> [Exercise]
In the listing below, find the line with "トーツ レディース ブーツ" and copy every line from there up to and including the line with "Reports - Hospital", exactly and without pictures.

......

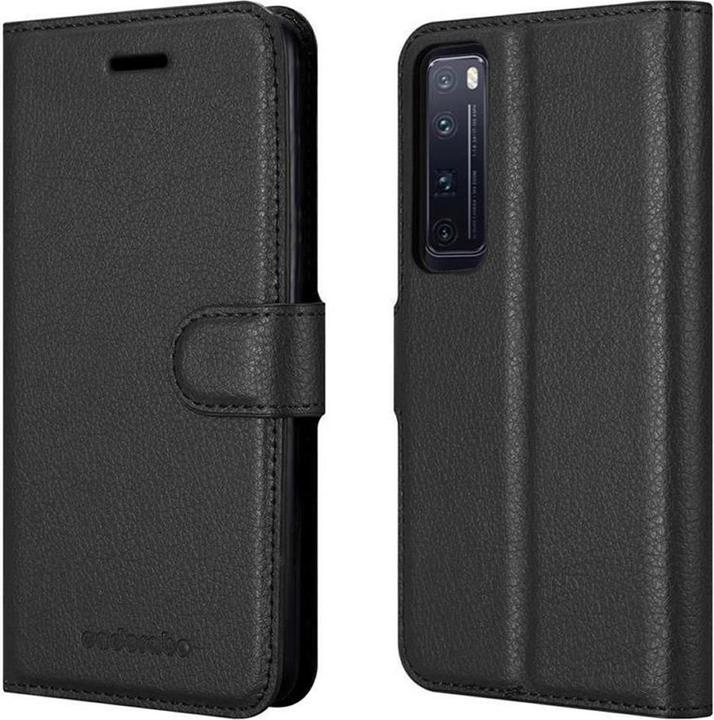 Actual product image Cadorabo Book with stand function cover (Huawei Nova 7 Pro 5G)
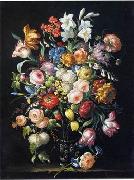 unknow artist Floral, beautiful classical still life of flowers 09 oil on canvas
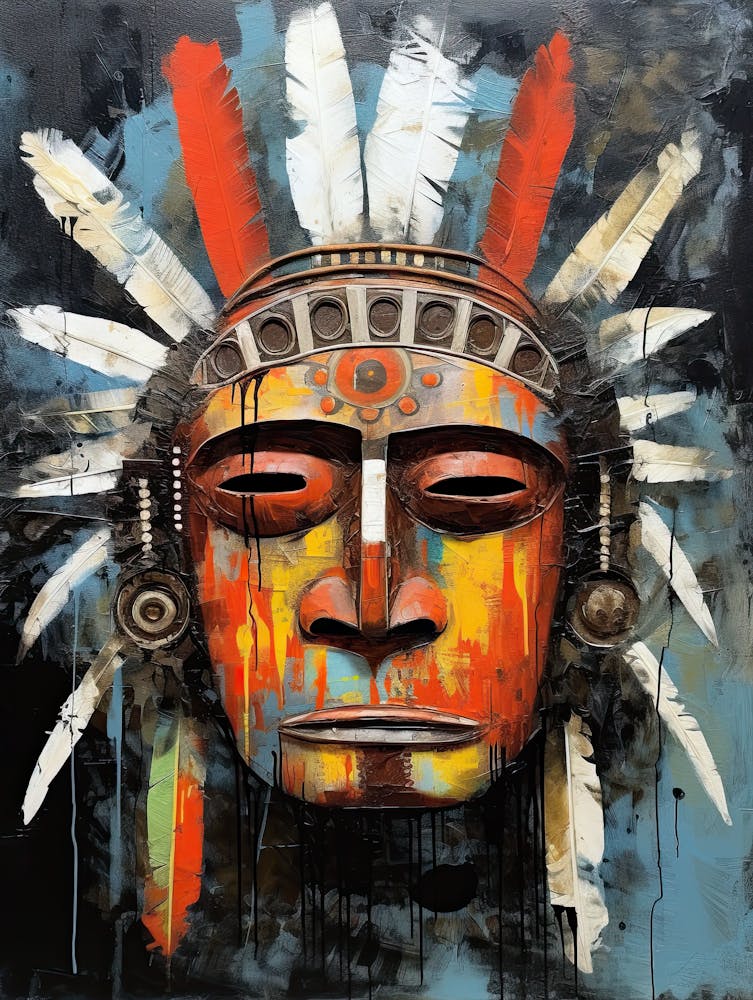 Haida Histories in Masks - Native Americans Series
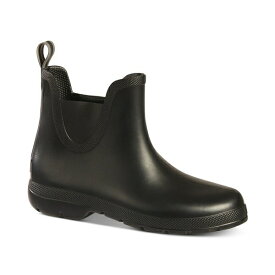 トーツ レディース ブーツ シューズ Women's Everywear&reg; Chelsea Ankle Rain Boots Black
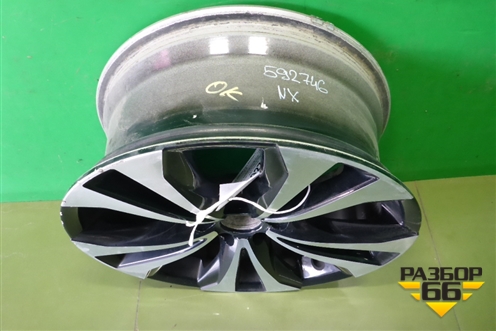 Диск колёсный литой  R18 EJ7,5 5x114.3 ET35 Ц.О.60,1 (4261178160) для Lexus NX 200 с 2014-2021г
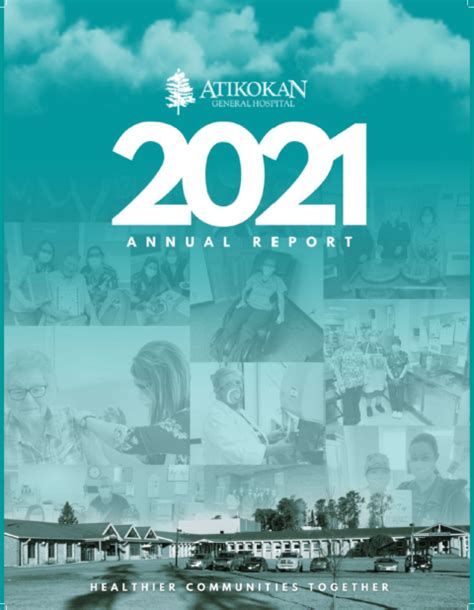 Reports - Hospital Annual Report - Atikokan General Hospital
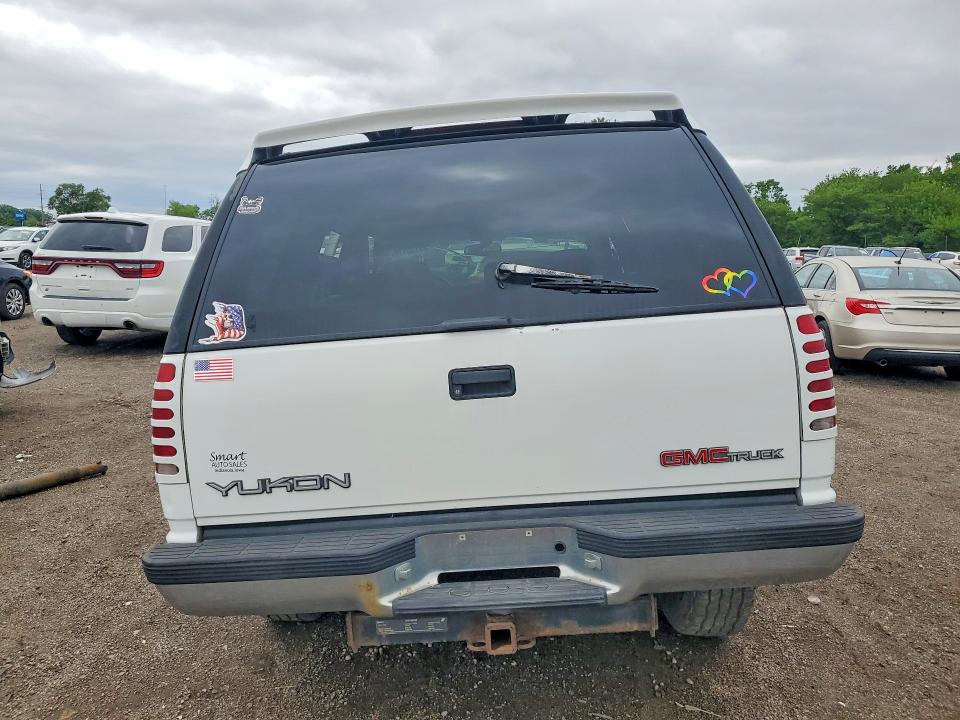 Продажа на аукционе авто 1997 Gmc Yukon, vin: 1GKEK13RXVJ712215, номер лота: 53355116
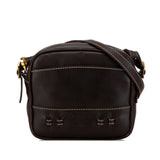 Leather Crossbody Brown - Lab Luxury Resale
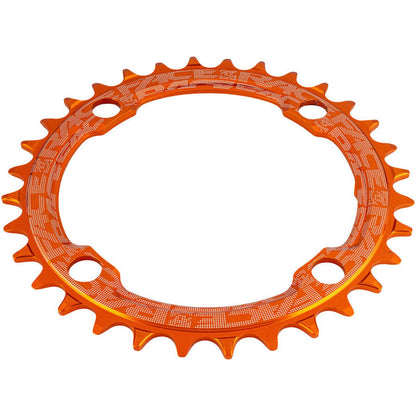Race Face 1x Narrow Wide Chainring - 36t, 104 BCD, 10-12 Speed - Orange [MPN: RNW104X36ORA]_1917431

......

> [Answer to this problem]
 トーツ レディース ブーツ シューズ Women's Everywear&reg; Chelsea Ankle Rain Boots Black
 Диск колёсный литой  R18 EJ7,5 5x114.3 ET35 Ц.О.60,1 (4261178160) для Lexus NX 200 с 2014-2021г
 Reports - Hospital Annual Report - Atikokan General Hospital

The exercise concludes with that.